Power & Market

Shower Heads Likely Going to Supreme Court

Shower head

The first article in Jeffrey Tucker’s Bourbon for Breakfast is “The Bureaucrat in Your Shower” from 2006. Although I worked side-by-side with Jeffrey at the Mises Institute, I had no idea American showers had become, in President Trump’s terms, “weak” until a glorious cascade of water came from a shower head in Salamanca, Spain.

Tucker starts his piece about Al Dietemann, head of conservation for the Seattle Water Board. Dietemann ordered some shower heads from Zoe Industries Manufacturing and sent them to BR Laboratories in Huntington, California. Armed with data, Dietemann reported Zoe to the feds, accusing Zoe of “blatant violations of environmental protection laws.”

“Now the heat is on. What’s the big deal? What critical matter of American public life is at stake? It’s all about water flow and gallons per minute,” Tucker wrote.

It turns out, Donald J. Trump has been wondering what the big deal is for a long time because his gorgeous blond locks are at stake. “In my case, I would like to take a nice shower to take care of my beautiful hair. For 15 minutes until it gets wet. Drip, drip, drip. Ridiculous,” Trump said Wednesday in the Oval Office as he signed the directive. “What you do is you end up washing your hands five times longer, so it’s the same water. And we’re going to open it up so that people can live.”
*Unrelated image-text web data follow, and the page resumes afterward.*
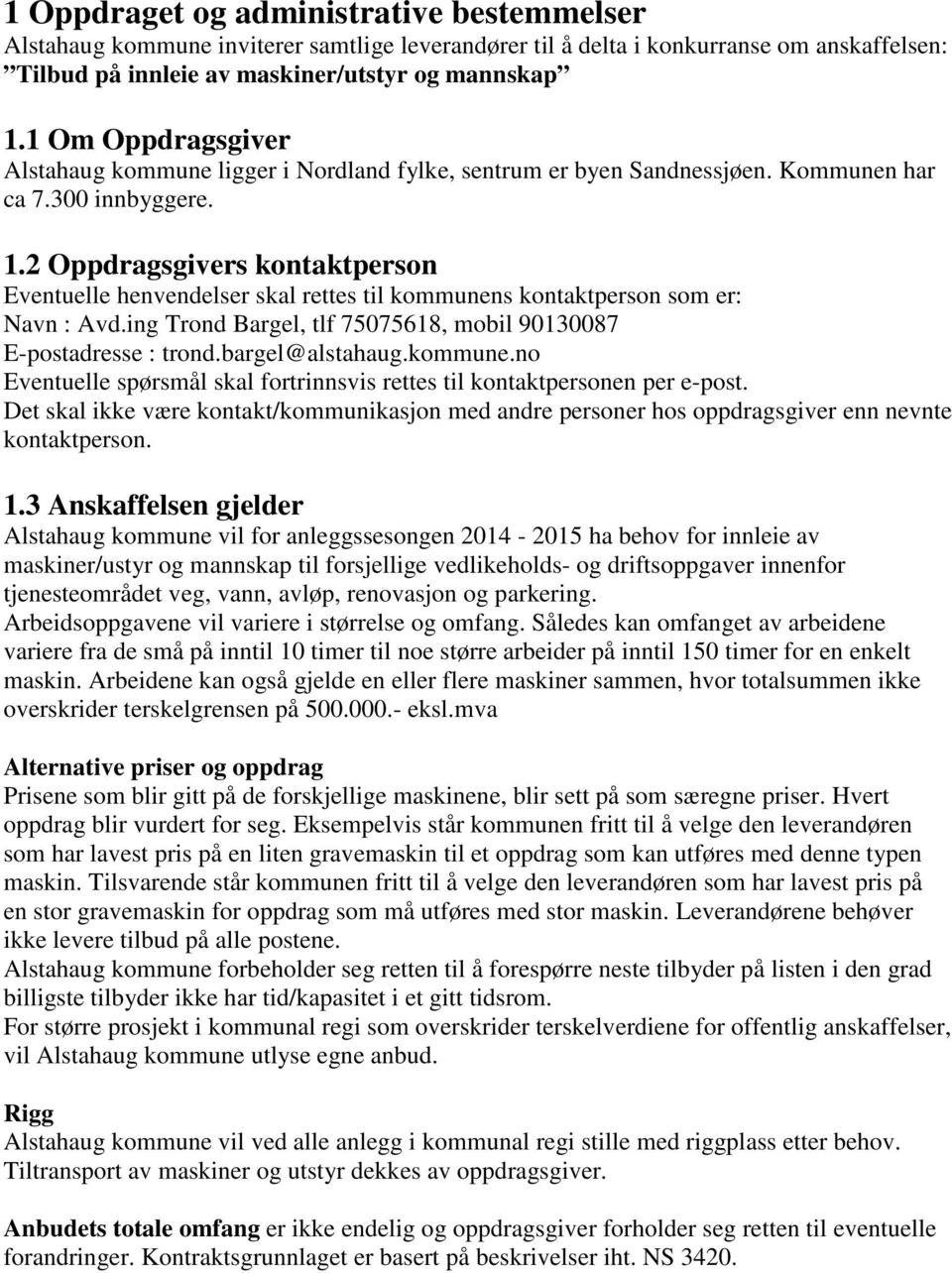 2 Oppdragsgivers kontaktperson Eventuelle henvendelser skal rettes til kommunens kontaktperson som er: Navn : Avd.ing Trond Bargel, tlf 75075618, mobil 90130087 E-postadresse : trond.bargel@alstahaug.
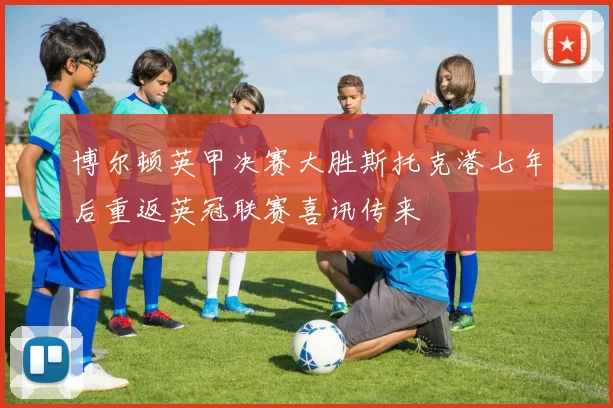博尔顿英甲决赛大胜斯托克港七年后重返英冠联赛喜讯传来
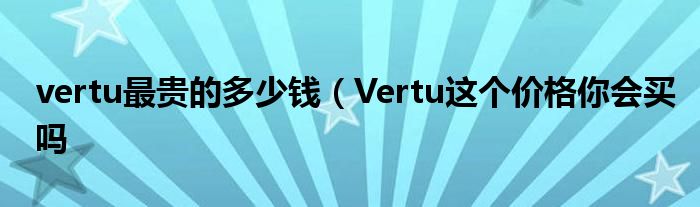 vertu最贵的多少钱(Vertu这个价格你会买吗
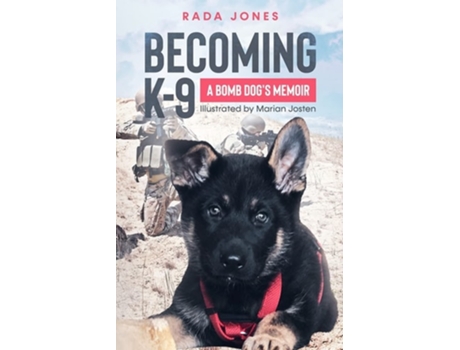Livro Becoming K-9 A Bomb Dogs Memoir De Rada Jones (inglês)
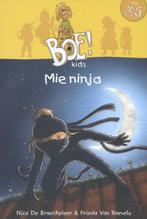 Mie Ninja / AVI M5 / Boe!Kids 9789462340268, Boeken, Verzenden, Gelezen, Nico De Braeckeleer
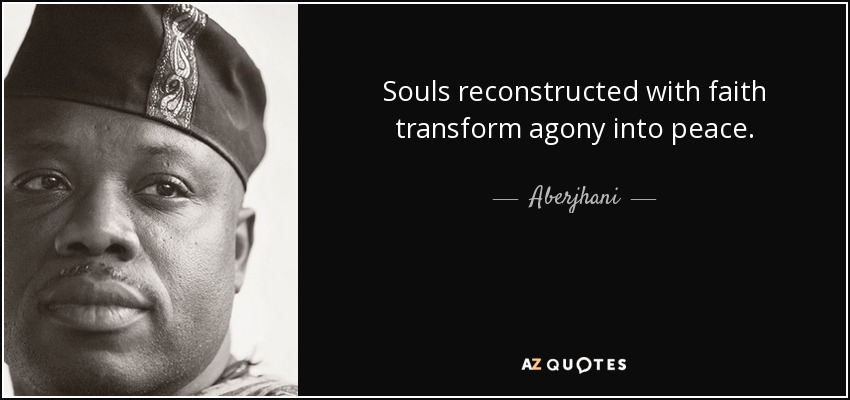 Souls reconstructed with faith transform agony into peace. - Aberjhani
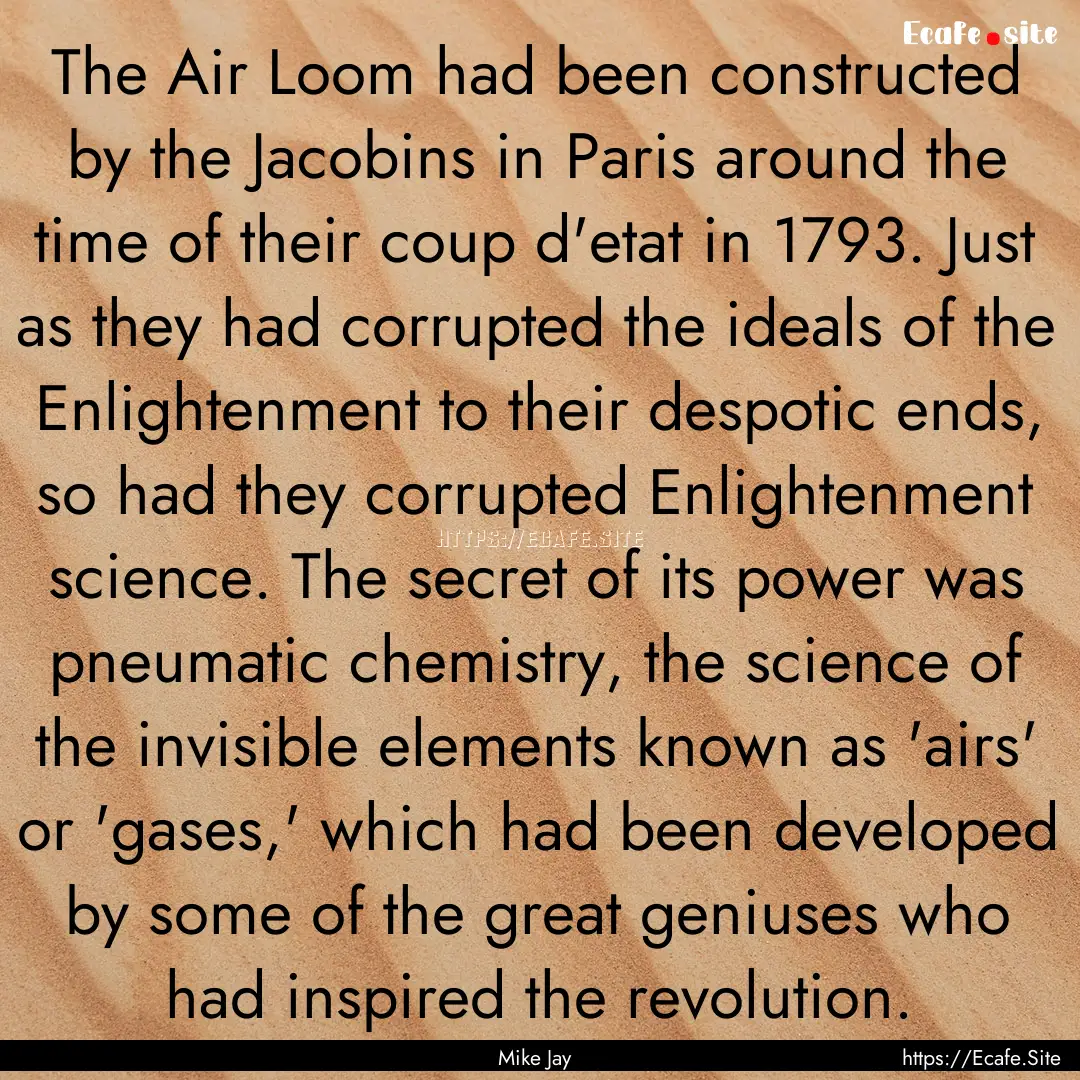 The Air Loom had been constructed by the.... : Quote by Mike Jay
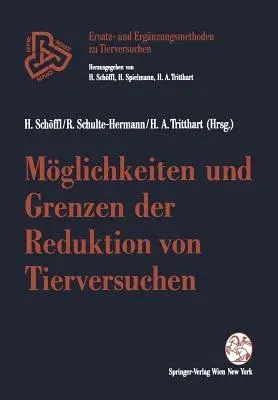 Möglichkeiten Und Grenzen Der Reduktion Von Tierversuchen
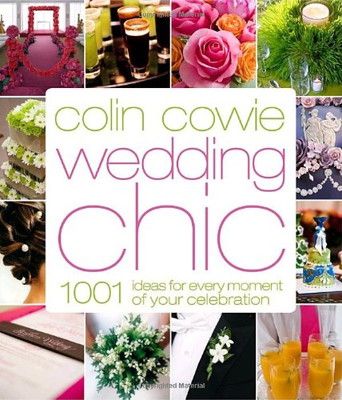 Colin Cowie Wedding Chic: 1 001 Ideas for Every Moment of Your Celebration Cowie  Colin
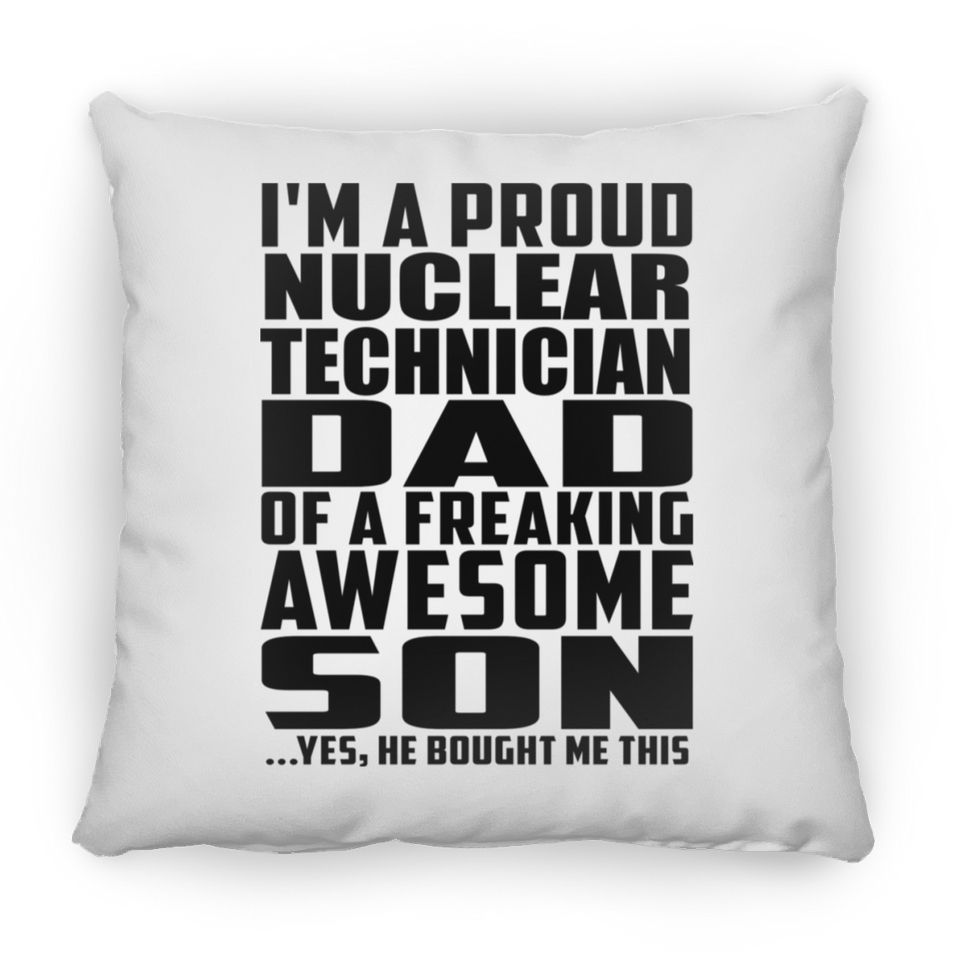 Proud Nuclear Technician Dad Of Awesome Son - Throw Pillow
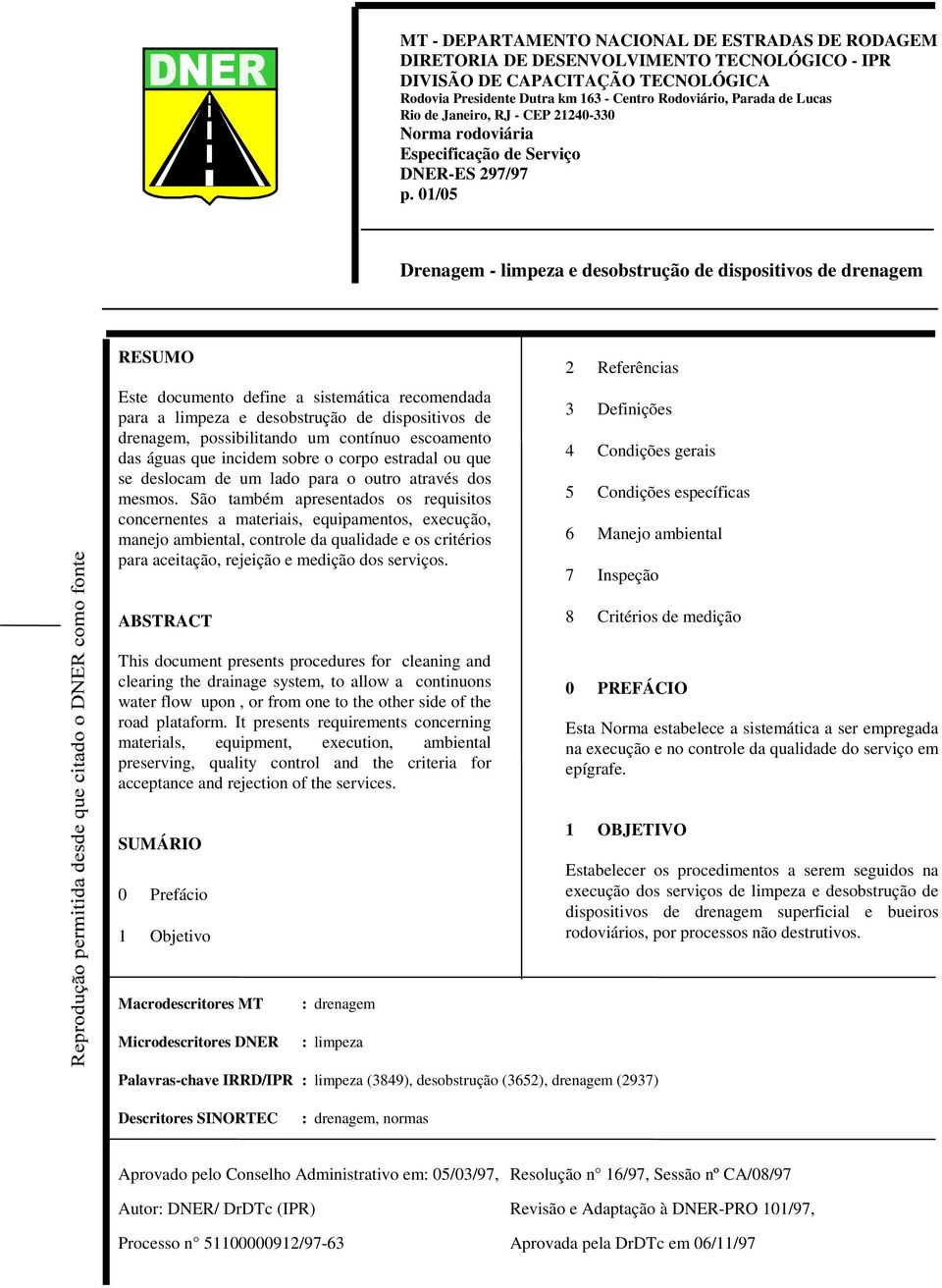 01/05 Drenagem - limpeza e desobstrução de dispositivos de drenagem RESUMO Este documento define a sistemática recomendada para a limpeza e desobstrução de dispositivos de drenagem, possibilitando um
The Executive Order is titled “Maintaining Acceptable Water Pressure in Showerheads.” Trump blames presidents Obama and Biden for America’s weak showers, but it is The Federal Energy Policy Act of 1992 which mandates that “all faucet fixtures manufactured in the United States restrict maximum water flow at or below 2.5 gallons per minute (gpm) at 80 pounds per square inch (psi) of water pressure or 2.2 gpm at 60 psi.” 

Zoe Industries had put three heads together as a work around the edict.

Tucker, wrote with his trademark exuberance about Zoe,

They are not water anarchists; we aren’t talking about shower-reg secessionists here. But the company did insightfully observe that the restriction applies on a per-shower-head basis. 

So Zoe sells full units that have three full heads per shower! What a solution—truly in the spirit of American enterprise in the best sense. These remarkable units are both brilliant and beautiful, and they comply with the letter of the law. The one that annoyed Bureaucrat Al is the Nautilus II Chrome—and what a piece of work it is! 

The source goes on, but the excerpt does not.